MySQL :: MySQL 8.0 Reference Manual :: 11.4.2 The BINARY and VARBINARY Types

MySQL 8.0 Reference Manual / ... / The BINARY and VARBINARY Types

Pre-General Availability Draft: 2017-07-17

11.4.2 The BINARY and VARBINARY Types

The BINARY and VARBINARY types are similar to CHAR and VARCHAR, except that they contain binary strings rather than nonbinary strings. That is, they contain byte strings rather than character strings. This means they have the binary character set and collation, and comparison and sorting are based on the numeric values of the bytes in the values.

The permissible maximum length is the same for BINARY and VARBINARY as it is for CHAR and VARCHAR, except that the length for BINARY and VARBINARY is a length in bytes rather than in characters.

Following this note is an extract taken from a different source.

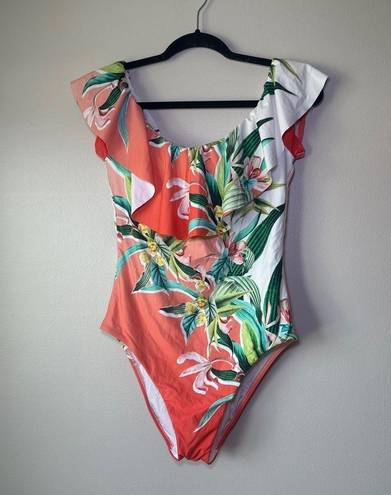 Trina Turk  Costa De Prata Tropical Floral Ruffled One Piece Swimsuit Size 12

The BINARY and VARBINARY data types are distinct from the CHAR BINARY and VARCHAR BINARY data types. For the latter types, the BINARY attribute does not cause the column to be treated as a binary string column. Instead, it causes the binary (_bin) collation for the column character set to be used, and the column itself contains nonbinary character strings rather than binary byte strings. For example, CHAR(5) BINARY is treated as CHAR(5) CHARACTER SET utf8mb4 COLLATE utf8mb4_bin, assuming that the default character set is utf8mb4. This differs from BINARY(5), which stores 5-bytes binary strings that have the binary character set and collation. For information about differences between binary strings and binary collations for nonbinary strings, see Section 10.1.8.5, “The binary Collation Compared to _bin Collations”.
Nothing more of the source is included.